In [2]:
import os
import csv
import wave
import sys
import numpy as np
import pandas as pd
import glob
from sklearn.preprocessing import label_binarize

sys.path.append(os.path.dirname(os.path.realpath('.')))


In [3]:
print(os.path.dirname(os.path.realpath('.')))

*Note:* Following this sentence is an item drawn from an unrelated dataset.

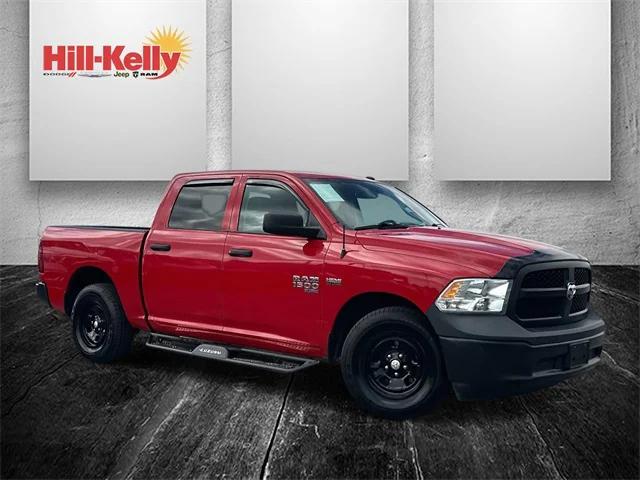 2021 RAM 1500 Classic Tradesman Crew Cab 4x2 57 Box 2021 RAM 1500 Classic Tradesman Crew Cab 4x2 57 Box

/Users/stella-yj/workspace/notebook


In [7]:
class Constants:
    def __init__(self):
        real_path = os.path.dirname(os.path.realpath('.'))
        #print(real_pat)
        self.available_emotions = np.array(['ang', 'exc', 'neu', 'sad'])
        self.path_to_data = real_path + "/datasets/IEMOCAP_full_release/"
        self.path_to_features = real_path + "/datasets/IEMOCAP_full_release/features/"
        self.sessions = ['Session1', 'Session2', 'Session3', 'Session4', 'Session5']
        self.conf_matrix_prefix = 'iemocap'
        self.framerate = 16000
        self.types = {1: np.int8, 2: np.int16, 4: np.int32}
    
    def __str__(self):
        def display(objects, positions):
            line = ''
            for i in range(len(objects)):
                line += str(objects[i])
                line = line[:positions[i]]
                line += ' ' * (positions[i] - len(line))
            return line
        
        line_length = 100
        ans = '-' * line_length
        members = [attr for attr in dir(self) if not callable(attr) and not attr.startswith("__")]
        for field in members:
            objects = [field, getattr(self, field)]
            positions = [30, 100]
            ans += "\n" + display(objects, positions)
        ans += "\n" + '-' * line_length
        return ans

In [8]:
def get_audio(path_to_wav, filename, params=Constants()):
    wav = wave.open(path_to_wav + filename, mode="r")
    (nchannels, sampwidth, framerate, nframes, comptype, compname) = wav.getparams()
    content = wav.readframes(nframes)
    samples = np.fromstring(content, dtype=params.types[sampwidth])
    return (nchannels, sampwidth, framerate, nframes, comptype, compname), samples


def get_transcriptions(path_to_transcriptions, filename, params=Constants()):
    f = open(path_to_transcriptions + filename, 'r').read()
    f = np.array(f.split('\n'))
    transcription = {}
    for i in range(len(f) - 1):
        g = f[i]
        i1 = g.find(': ')
        i0 = g.find(' [')
        ind_id = g[:i0]
        ind_ts = g[i1+2:]
        transcription[ind_id] = ind_ts
    return transcription

In [9]:
def get_emotions(path_to_emotions, filename, params=Constants()):
    f = open(path_to_emotions + filename, 'r').read()
    f = np.array(f.split('\n'))
    idx = f == ''
    idx_n = np.arange(len(f))[idx]
    emotion = []
    for i in range(len(idx_n) - 2):
        g = f[idx_n[i]+1:idx_n[i+1]]
        head = g[0]
        i0 = head.find(' - ')
        start_time = float(head[head.find('[') + 1:head.find(' - ')])
        end_time = float(head[head.find(' - ') + 3:head.find(']')])
        actor_id = head[head.find(filename[:-4]) + len(filename[:-4]) + 1:
                        head.find(filename[:-4]) + len(filename[:-4]) + 5]
        emo = head[head.find('\t[') - 3:head.find('\t[')]
        vad = head[head.find('\t[') + 1:]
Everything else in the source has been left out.